Investors with a two-three year perspective can consider accumulating Nifty Benchmark Exchange Traded Scheme (Nifty BeES), an exchange-traded fund that mimics the S&P CNX Nifty Index in returns, at its current market price of Rs 269. It offers a good entry point for investors, both seasoned and first time, seeking a diversified exposure to a basket of quality stocks for the long-term. But what’s more attractive is the compelling valuation of the Nifty-50 index.

After Friday’s fall, the Nifty’s PE multiple has been reduced to about 9 times its trailing four quarter earnings (according to Bloomberg). This is not only way below its peak of about 28 times, but also the current valuations compare with levels last seen briefly in May-2003. Further, the large cap bias offered by the Nifty basket may also be more worthwhile in the current challenging macro environment.
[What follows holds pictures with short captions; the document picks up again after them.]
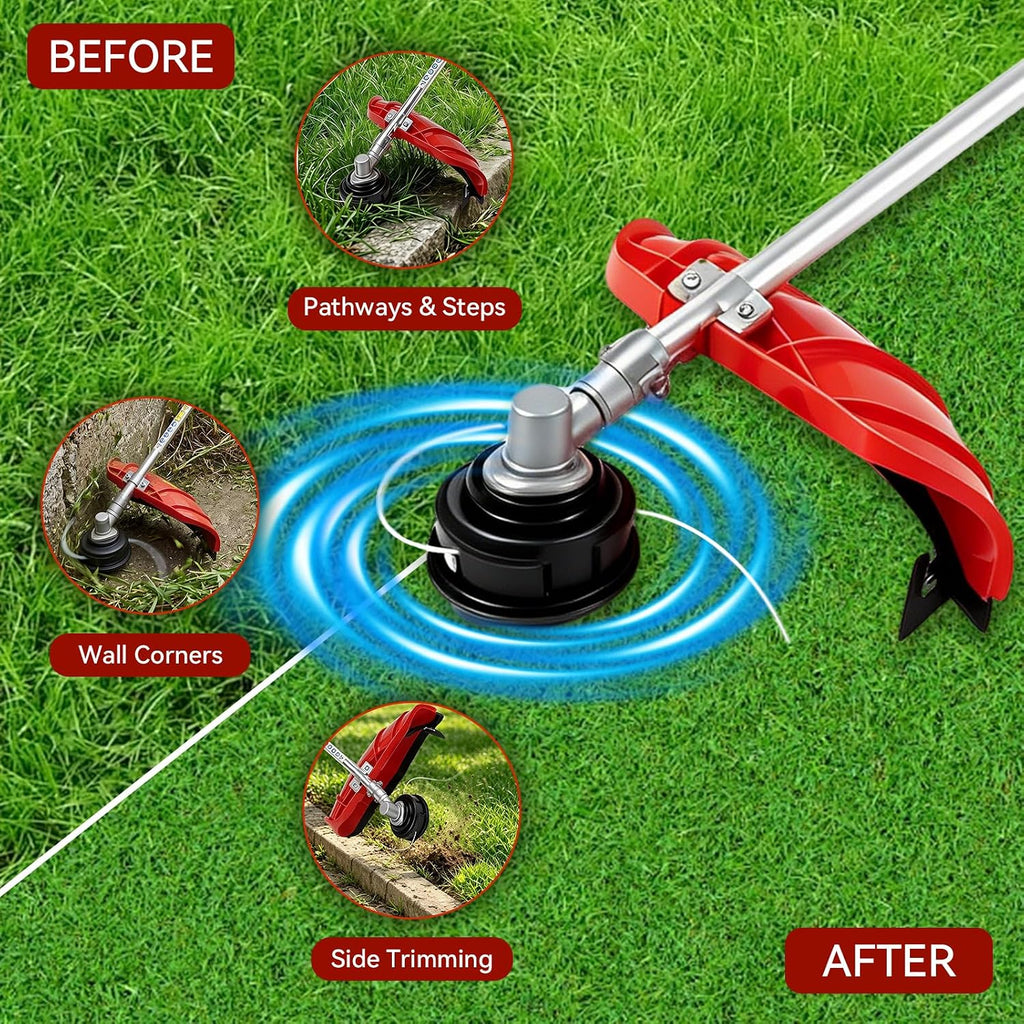 51.7CC 2-Cycle Gas Weed Wacker, Weed Eater & Brush Cutter, 4-in-1 Straight Shaft Gas Powered String Trimmer with
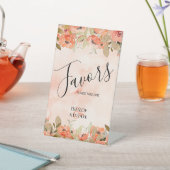 シックな水カラーフローラブライダルシャワーの好意 台座サイン (インサイチュ)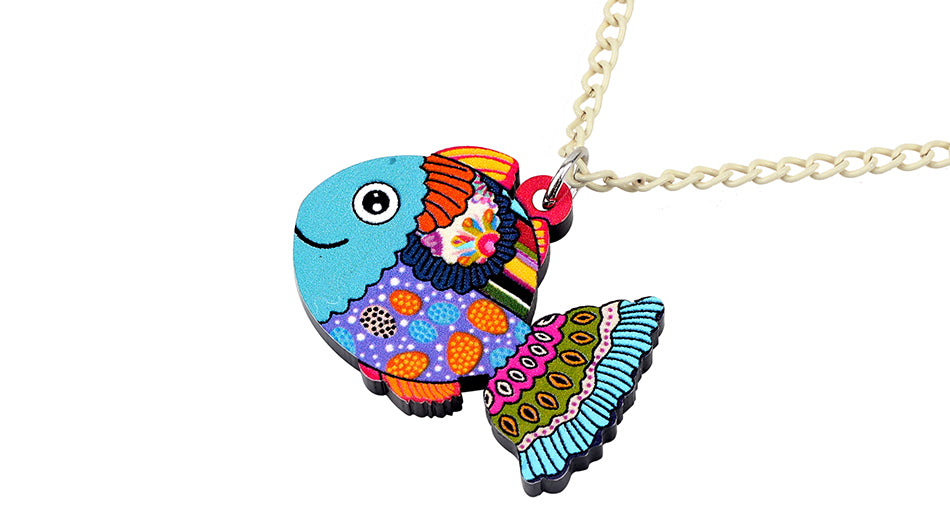 Acrylic Floral Fish Necklace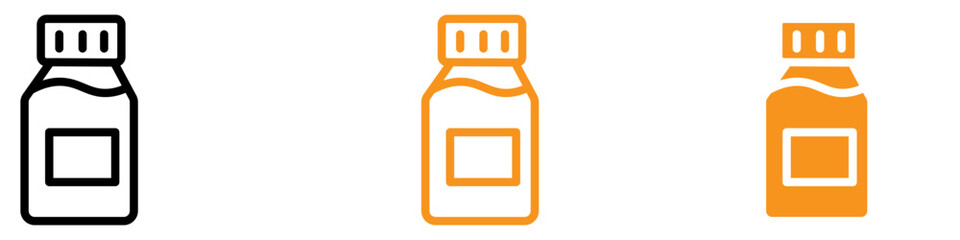 Poster - Cough Syrup Icon Set Medicine and Treatment Illustrations for Healthcare Projects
The Nifty BeES also scores over other index funds due to its low tracking error and expense ratio, apart from easier tradability as it is listed in the NSE.

However, note that our investment argument stems more from the long-term growth potential of the index than on the supposition that markets may have bottomed out.

Alternate strategies

Investors who are worried about further downside in the Nifty in the near term can also consider using index options. Doing so will help you postpone your purchase to a later date to a price you will be comfortable with. There are two ways to do this. One, you start accumulating Nifty BeES at current market levels and hedge your purchase by buying Nifty puts (since Oct contracts will expire this week, it is advisable you choose far month contracts). Buying puts gives you the right to sell the underlying index at the strike price for which it was bought, and hence will reduce the downside risk for your investments. Two, you can postpone the purchase of index ETFs and yet not miss any interim gains in the index by buying Nifty call options.

So, if the index moves up before you buy the ETFs, your call options premium will expand and to an extent make up for the missed opportunity. Call options give the buyer the right to buy the underlying at a fixed price on a specified date. The strike prices of the options involved can be chosen depending on your near-term view of the market. However, since one lot of Nifty options has 50 shares, it will make more sense to use these strategies only if you are planning to buy atleast 50 units of Nifty BeES.